Aim of the task: When copying the data below, keep only the lines from the one with "YNNICO 10-Inch Plant" through the one with "Italian 18th CENTURY", word for word, and skip the pictures.

Exercise inputs:
BEGIN
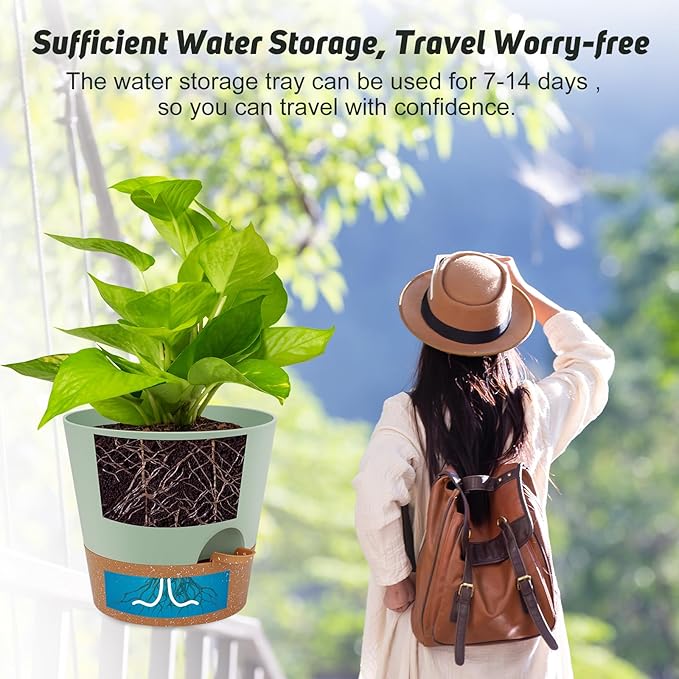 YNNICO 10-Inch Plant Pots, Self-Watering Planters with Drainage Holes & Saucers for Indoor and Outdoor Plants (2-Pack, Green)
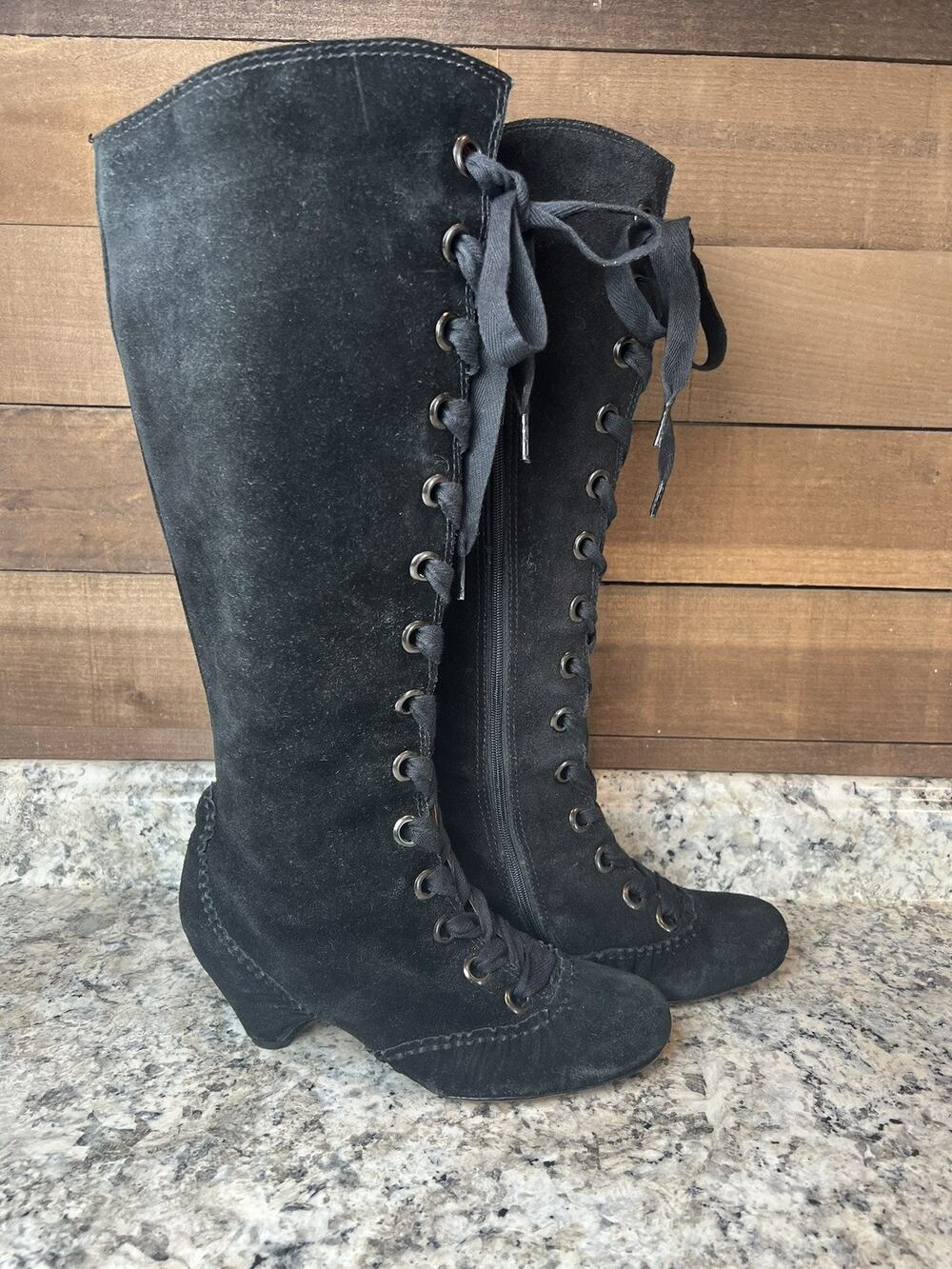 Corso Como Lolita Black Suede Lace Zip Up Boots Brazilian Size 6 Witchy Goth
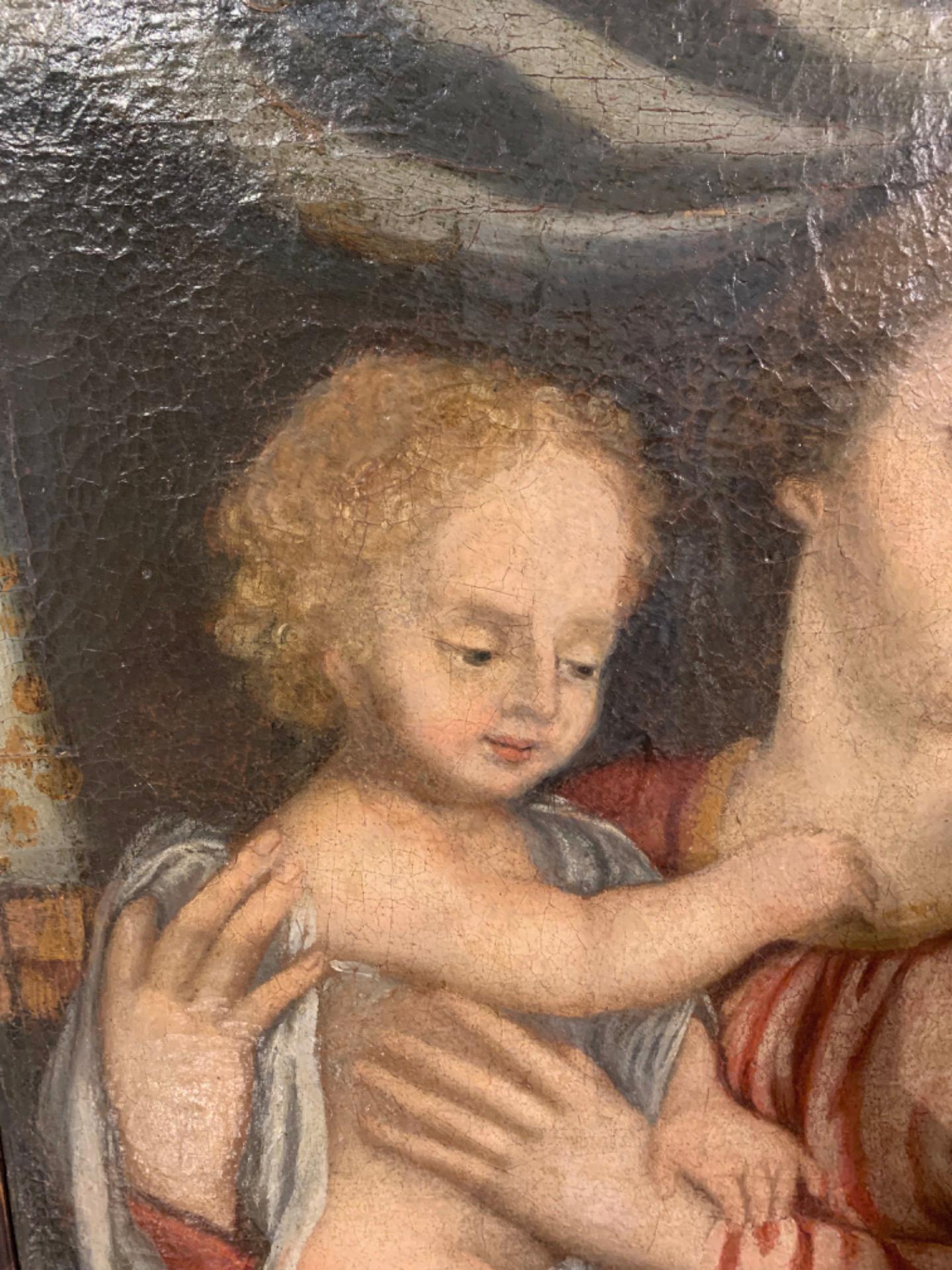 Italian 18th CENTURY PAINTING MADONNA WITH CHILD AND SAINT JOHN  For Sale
END
BEGIN
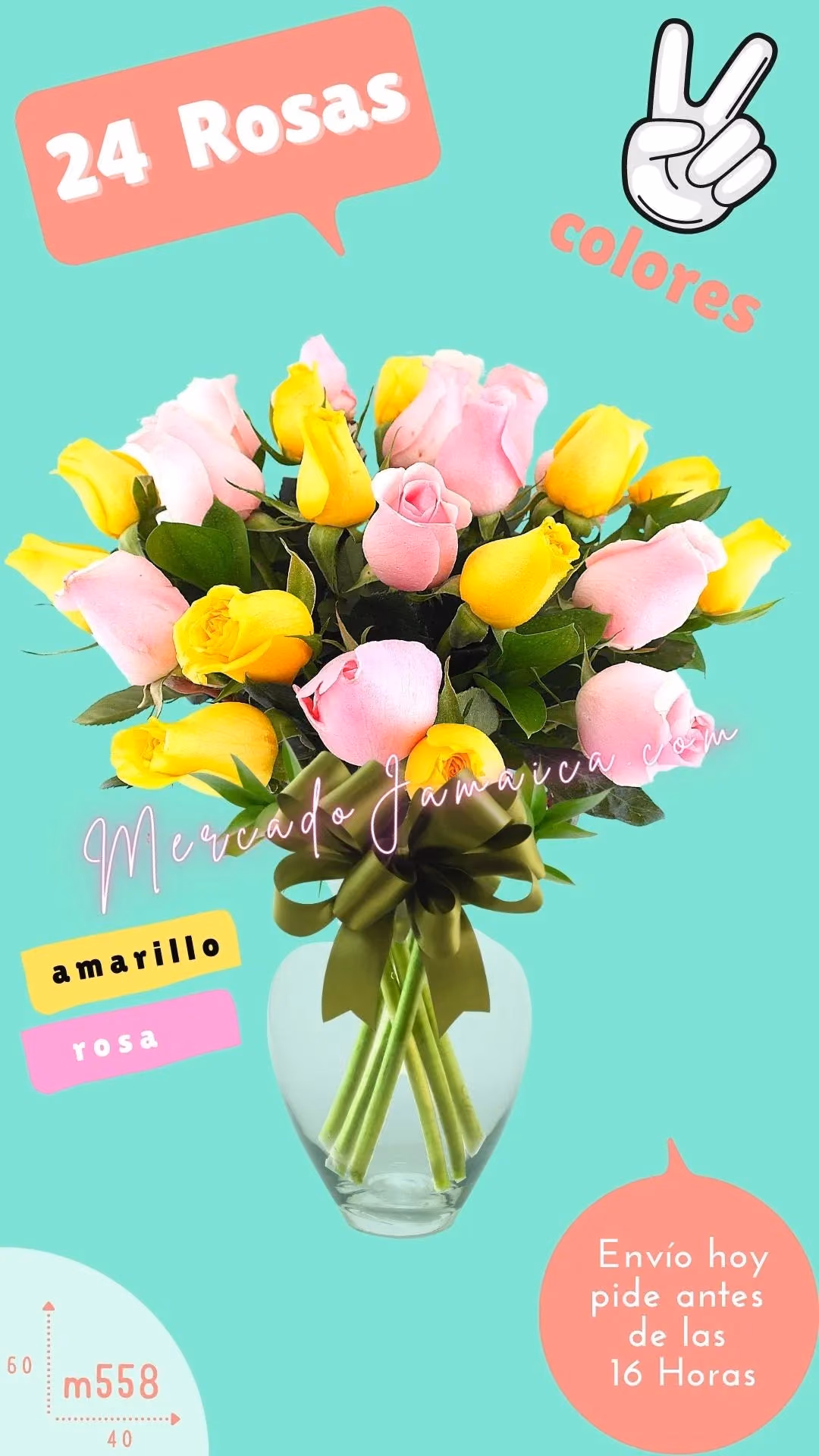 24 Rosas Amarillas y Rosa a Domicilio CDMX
END
Task result:
 YNNICO 10-Inch Plant Pots, Self-Watering Planters with Drainage Holes & Saucers for Indoor and Outdoor Plants (2-Pack, Green)
 Corso Como Lolita Black Suede Lace Zip Up Boots Brazilian Size 6 Witchy Goth
 Italian 18th CENTURY PAINTING MADONNA WITH CHILD AND SAINT JOHN  For Sale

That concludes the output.